* [YOUR ASSIGNMENT]: All the data below goes into the copy word for word, but the pictures don't.

* [GIVEN MATERIAL]:
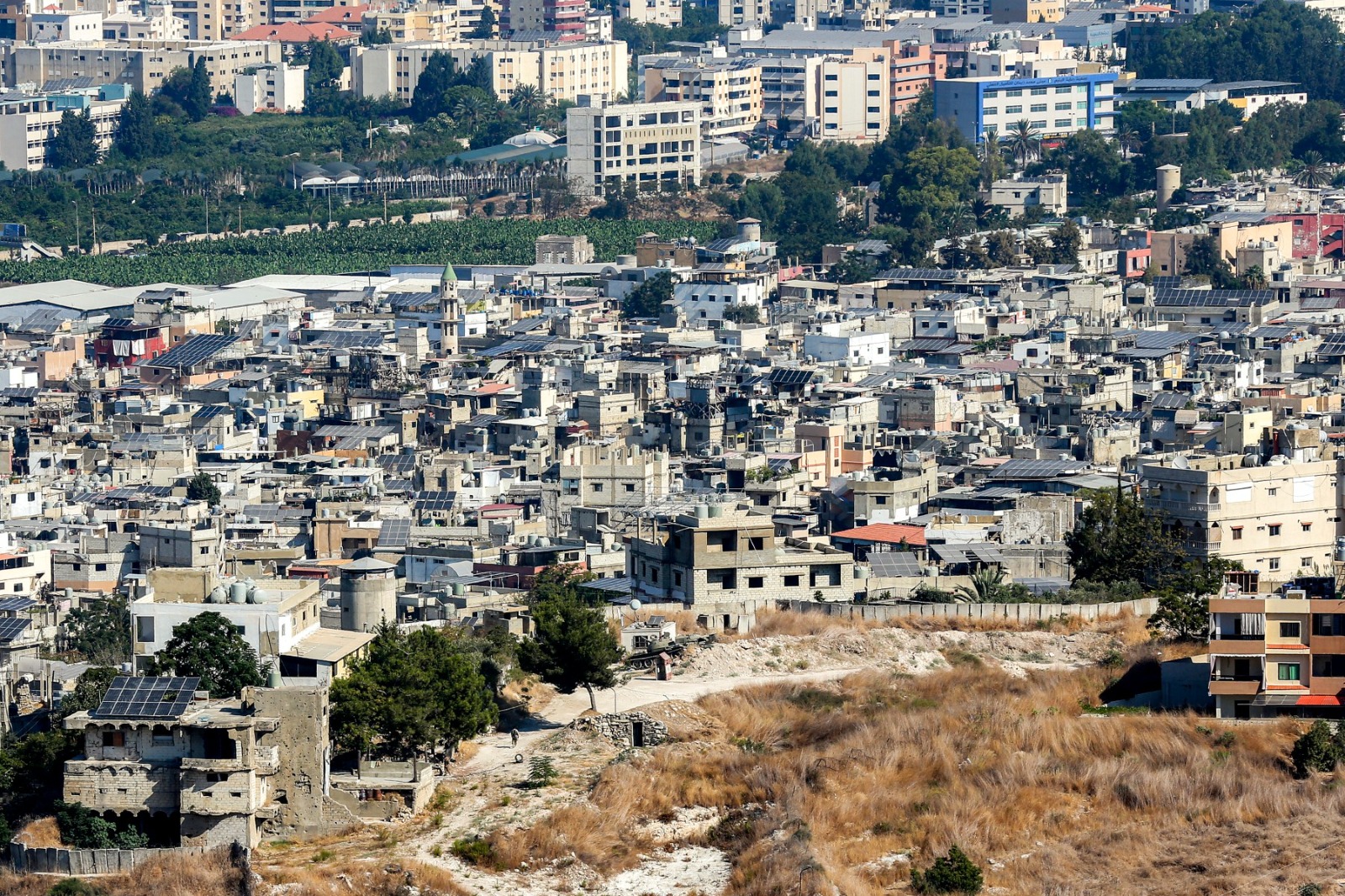 مبانٍ في مخيم عين الحلوة للاجئين الفلسطينيين في مدينة صيدا جنوبي لبنان (أ ف ب)
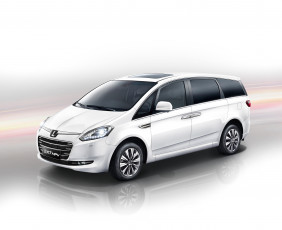 Картинка автомобили luxgen 7 mpv 2016г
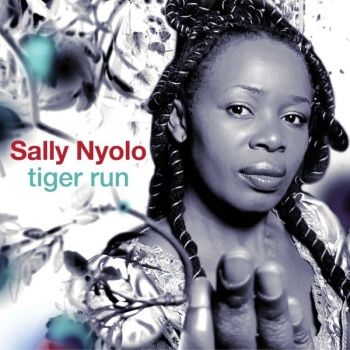 Nyolo Sally - Tiger Run in the group CD / Worldmusic/ Folkmusik at Bengans Skivbutik AB (1115838)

* [REPLY]:
 مبانٍ في مخيم عين الحلوة للاجئين الفلسطينيين في مدينة صيدا جنوبي لبنان (أ ف ب)
 Картинка автомобили luxgen 7 mpv 2016г
 Nyolo Sally - Tiger Run in the group CD / Worldmusic/ Folkmusik at Bengans Skivbutik AB (1115838)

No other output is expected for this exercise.